§ **Exercise instructions**:
An exact copy of the entries below is the expected answer.

§ **Dataset**:
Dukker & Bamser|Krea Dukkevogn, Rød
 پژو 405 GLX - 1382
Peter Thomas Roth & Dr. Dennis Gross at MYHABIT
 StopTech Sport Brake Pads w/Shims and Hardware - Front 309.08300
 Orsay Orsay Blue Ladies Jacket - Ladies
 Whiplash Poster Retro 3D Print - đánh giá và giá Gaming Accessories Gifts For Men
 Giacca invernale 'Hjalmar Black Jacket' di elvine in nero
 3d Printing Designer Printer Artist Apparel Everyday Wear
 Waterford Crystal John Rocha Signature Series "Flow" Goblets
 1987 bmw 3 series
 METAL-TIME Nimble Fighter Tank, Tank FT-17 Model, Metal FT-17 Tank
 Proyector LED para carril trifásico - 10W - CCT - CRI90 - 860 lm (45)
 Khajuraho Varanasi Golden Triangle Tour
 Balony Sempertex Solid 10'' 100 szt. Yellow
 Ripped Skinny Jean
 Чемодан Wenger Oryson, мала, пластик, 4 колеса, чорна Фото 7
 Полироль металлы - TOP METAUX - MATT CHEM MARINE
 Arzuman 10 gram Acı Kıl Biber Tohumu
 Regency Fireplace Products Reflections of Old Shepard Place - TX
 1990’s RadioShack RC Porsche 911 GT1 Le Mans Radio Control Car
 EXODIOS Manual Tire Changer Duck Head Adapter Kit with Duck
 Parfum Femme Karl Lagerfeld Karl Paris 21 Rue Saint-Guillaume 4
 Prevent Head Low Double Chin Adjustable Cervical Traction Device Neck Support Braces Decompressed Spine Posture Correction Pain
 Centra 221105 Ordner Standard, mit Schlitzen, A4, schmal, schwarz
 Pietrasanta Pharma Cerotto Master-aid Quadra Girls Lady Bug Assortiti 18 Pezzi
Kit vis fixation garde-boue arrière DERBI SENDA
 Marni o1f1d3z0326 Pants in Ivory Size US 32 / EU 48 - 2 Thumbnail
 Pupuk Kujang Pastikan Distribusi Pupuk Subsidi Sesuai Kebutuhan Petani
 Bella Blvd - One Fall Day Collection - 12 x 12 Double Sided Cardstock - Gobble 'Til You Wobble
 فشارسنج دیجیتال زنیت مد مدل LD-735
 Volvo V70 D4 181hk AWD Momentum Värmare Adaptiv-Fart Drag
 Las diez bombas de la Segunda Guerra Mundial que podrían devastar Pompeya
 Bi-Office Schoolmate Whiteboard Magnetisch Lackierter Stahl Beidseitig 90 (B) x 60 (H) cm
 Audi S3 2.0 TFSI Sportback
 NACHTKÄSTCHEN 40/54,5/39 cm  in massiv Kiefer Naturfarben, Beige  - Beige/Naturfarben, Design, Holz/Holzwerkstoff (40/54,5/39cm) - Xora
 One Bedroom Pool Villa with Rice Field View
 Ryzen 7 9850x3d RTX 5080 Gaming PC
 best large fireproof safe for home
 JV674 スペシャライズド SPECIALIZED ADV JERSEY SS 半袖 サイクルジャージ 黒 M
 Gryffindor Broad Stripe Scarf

§ **Solution for this task**:
Dukker & Bamser|Krea Dukkevogn, Rød
 پژو 405 GLX - 1382
Peter Thomas Roth & Dr. Dennis Gross at MYHABIT
 StopTech Sport Brake Pads w/Shims and Hardware - Front 309.08300
 Orsay Orsay Blue Ladies Jacket - Ladies
 Whiplash Poster Retro 3D Print - đánh giá và giá Gaming Accessories Gifts For Men
 Giacca invernale 'Hjalmar Black Jacket' di elvine in nero
 3d Printing Designer Printer Artist Apparel Everyday Wear
 Waterford Crystal John Rocha Signature Series "Flow" Goblets
 1987 bmw 3 series
 METAL-TIME Nimble Fighter Tank, Tank FT-17 Model, Metal FT-17 Tank
 Proyector LED para carril trifásico - 10W - CCT - CRI90 - 860 lm (45)
 Khajuraho Varanasi Golden Triangle Tour
 Balony Sempertex Solid 10'' 100 szt. Yellow
 Ripped Skinny Jean
 Чемодан Wenger Oryson, мала, пластик, 4 колеса, чорна Фото 7
 Полироль металлы - TOP METAUX - MATT CHEM MARINE
 Arzuman 10 gram Acı Kıl Biber Tohumu
 Regency Fireplace Products Reflections of Old Shepard Place - TX
 1990’s RadioShack RC Porsche 911 GT1 Le Mans Radio Control Car
 EXODIOS Manual Tire Changer Duck Head Adapter Kit with Duck
 Parfum Femme Karl Lagerfeld Karl Paris 21 Rue Saint-Guillaume 4
 Prevent Head Low Double Chin Adjustable Cervical Traction Device Neck Support Braces Decompressed Spine Posture Correction Pain
 Centra 221105 Ordner Standard, mit Schlitzen, A4, schmal, schwarz
 Pietrasanta Pharma Cerotto Master-aid Quadra Girls Lady Bug Assortiti 18 Pezzi
Kit vis fixation garde-boue arrière DERBI SENDA
 Marni o1f1d3z0326 Pants in Ivory Size US 32 / EU 48 - 2 Thumbnail
 Pupuk Kujang Pastikan Distribusi Pupuk Subsidi Sesuai Kebutuhan Petani
 Bella Blvd - One Fall Day Collection - 12 x 12 Double Sided Cardstock - Gobble 'Til You Wobble
 فشارسنج دیجیتال زنیت مد مدل LD-735
 Volvo V70 D4 181hk AWD Momentum Värmare Adaptiv-Fart Drag
 Las diez bombas de la Segunda Guerra Mundial que podrían devastar Pompeya
 Bi-Office Schoolmate Whiteboard Magnetisch Lackierter Stahl Beidseitig 90 (B) x 60 (H) cm
 Audi S3 2.0 TFSI Sportback
 NACHTKÄSTCHEN 40/54,5/39 cm  in massiv Kiefer Naturfarben, Beige  - Beige/Naturfarben, Design, Holz/Holzwerkstoff (40/54,5/39cm) - Xora
 One Bedroom Pool Villa with Rice Field View
 Ryzen 7 9850x3d RTX 5080 Gaming PC
 best large fireproof safe for home
 JV674 スペシャライズド SPECIALIZED ADV JERSEY SS 半袖 サイクルジャージ 黒 M
 Gryffindor Broad Stripe Scarf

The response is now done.